• WHAT TO DO
Return an exact copy of the lines from the one holding "绵阳中旅行假日旅行社2026年年会暨新品线路发布会圆满举行" to the end of the data, including both the starting and final lines. Leave the pictures out.

── MATERIAL TO PROCESS ──

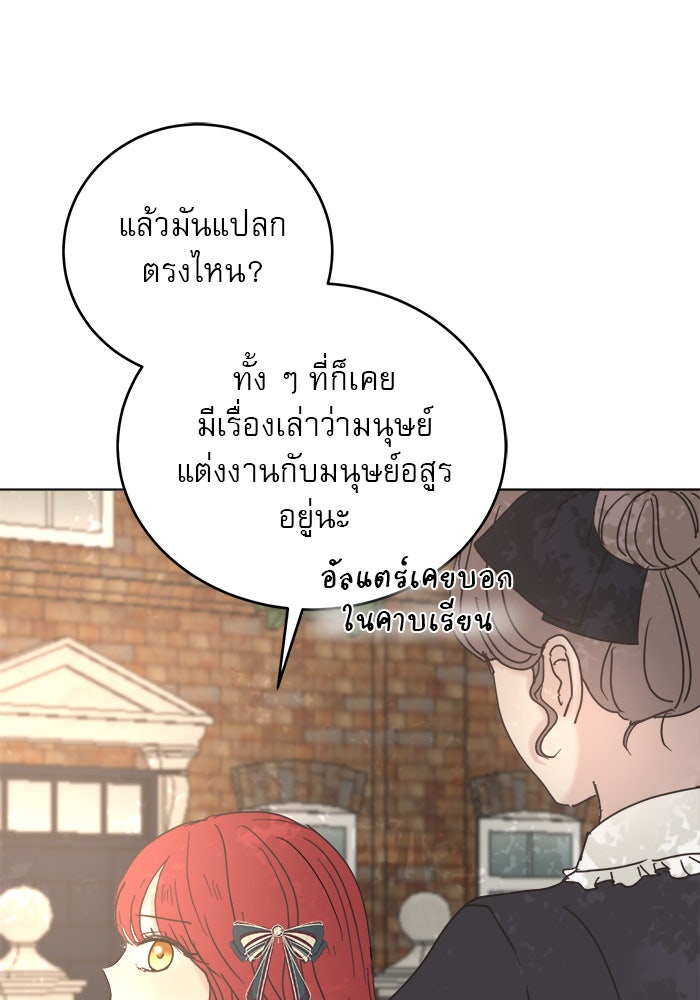 เสือดาวกร้าวใจ - หน้า 89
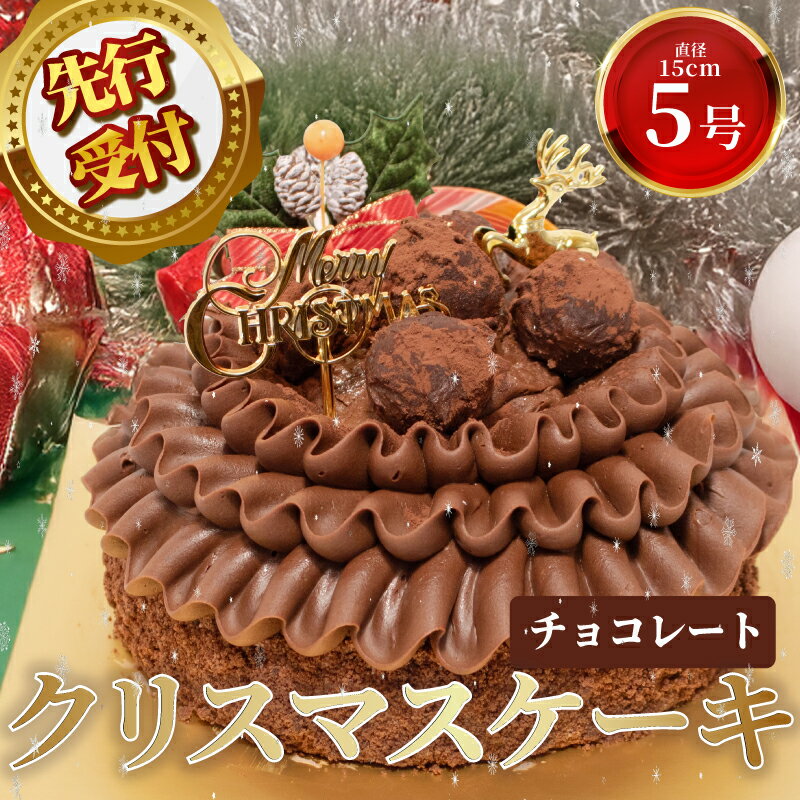 【ふるさと納税】 先行予約 チョコレートケーキ クリスマス ケーキ クリスマスケーキ 2026 5号 1ホール スイーツ デザート おやつ ギフト 贈り物 プレゼント チョコ チョコレート ランキング おすすめ 濃厚 贈り物 お祝い 取り寄せ グルメ パーティー 埼玉県 羽生市 大人気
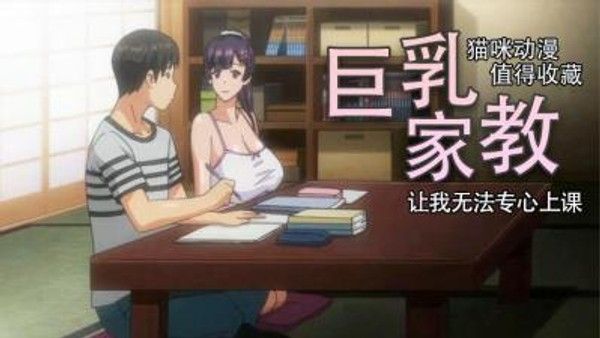 紫杨花的凋散之时 成人动漫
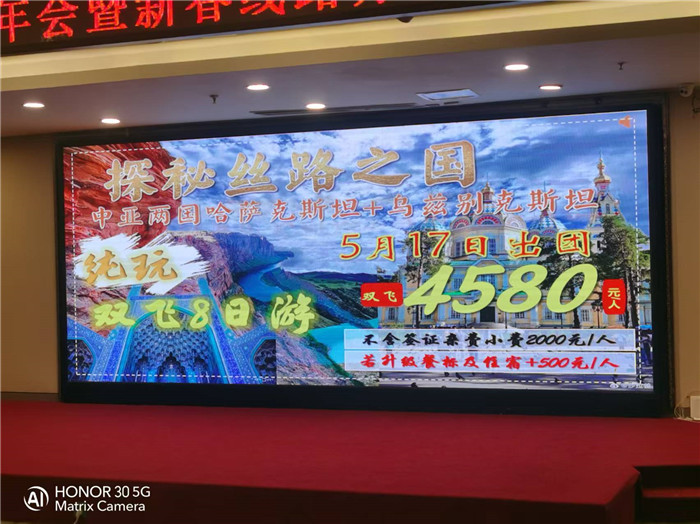 绵阳中旅行假日旅行社2026年年会暨新品线路发布会圆满举行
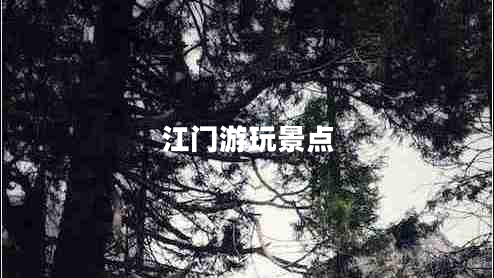 江門(mén)游玩景點(diǎn)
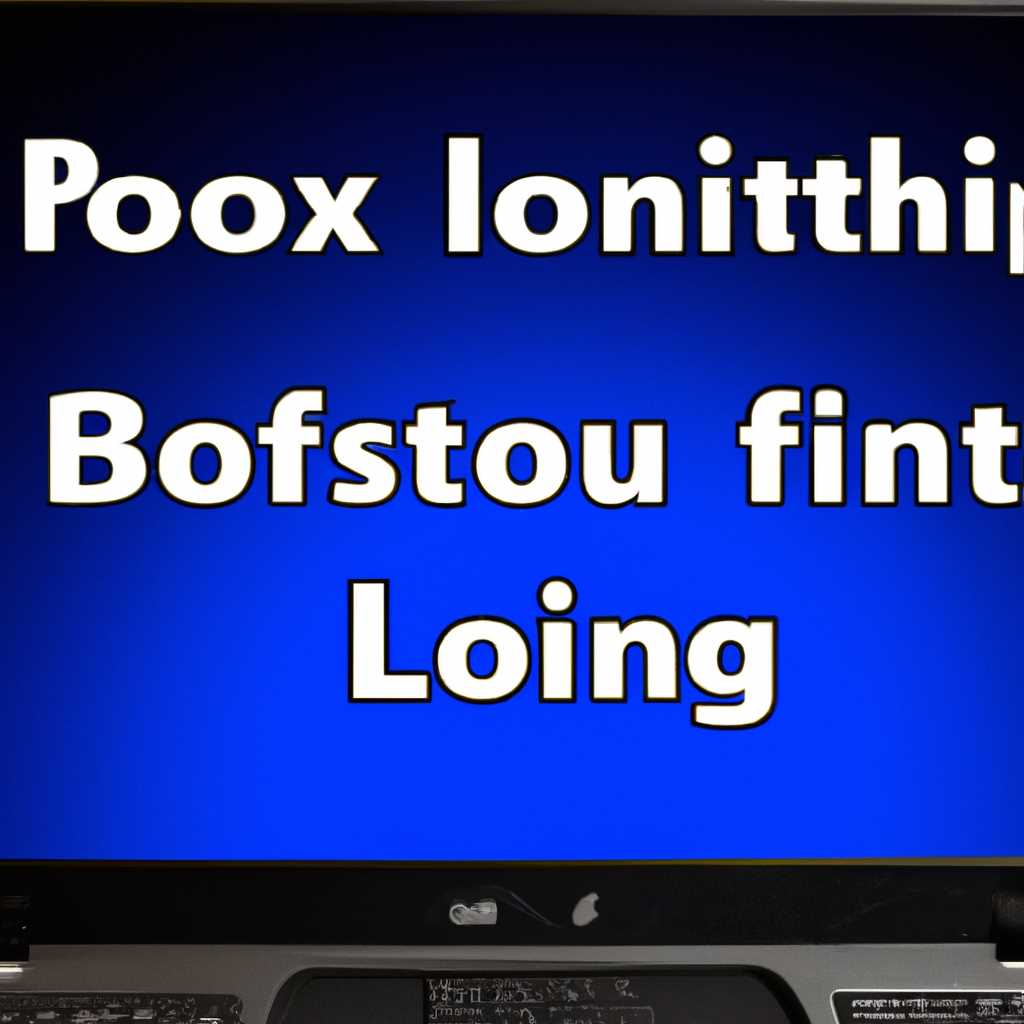 Как исправить проблему Booting from local disk?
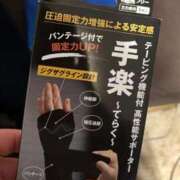 ヒメ日記 2026/03/22 17:45 投稿 星乃（ほしの） 熟女の風俗最終章 大宮店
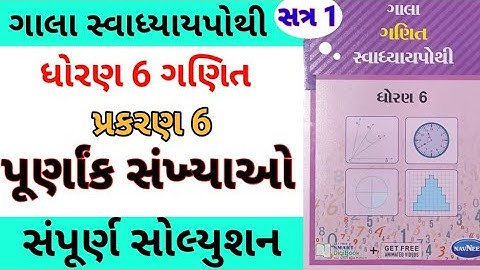 std 6 maths ch 6 gala swadhyay pothi | dhoran 6 ganit ch 6 gala swadhyay pothi | std 6 chapter 6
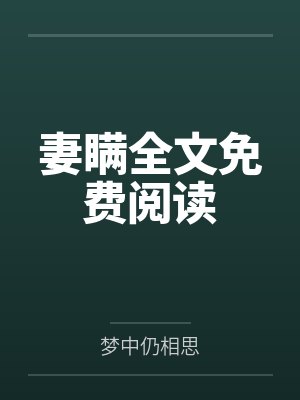 我被双胞胎校花反向攻略了封面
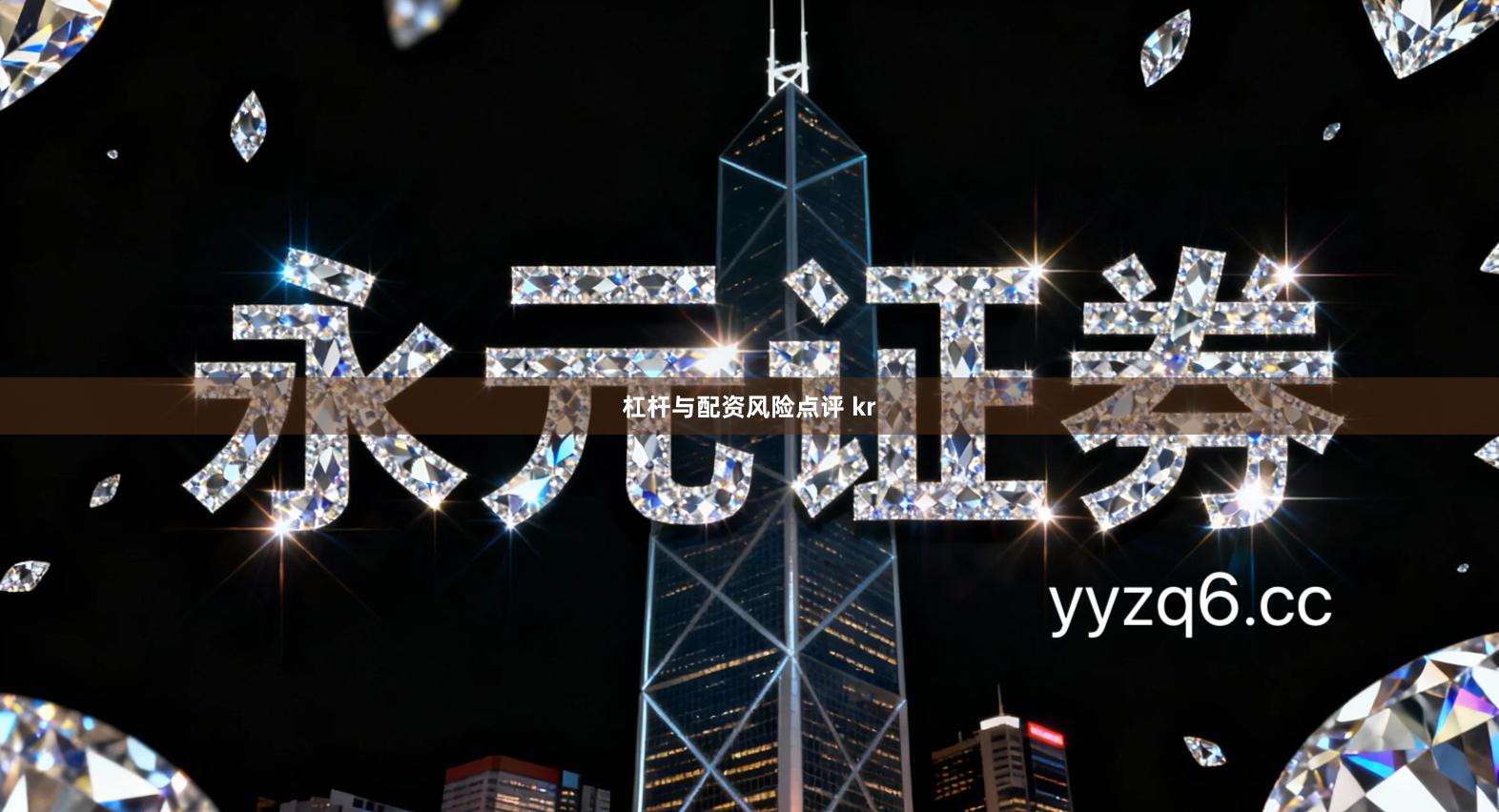 杠杆与配资风险点评 kr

───

• PROBLEM SOLUTION
 绵阳中旅行假日旅行社2026年年会暨新品线路发布会圆满举行
 江門(mén)游玩景點(diǎn)
 Как исправить проблему Booting from local disk?
 ヒメ日記 2026/03/22 17:45 投稿 星乃（ほしの） 熟女の風俗最終章 大宮店
 std 6 maths ch 6 gala swadhyay pothi | dhoran 6 ganit ch 6 gala swadhyay pothi | std 6 chapter 6
 我被双胞胎校花反向攻略了封面
 杠杆与配资风险点评 kr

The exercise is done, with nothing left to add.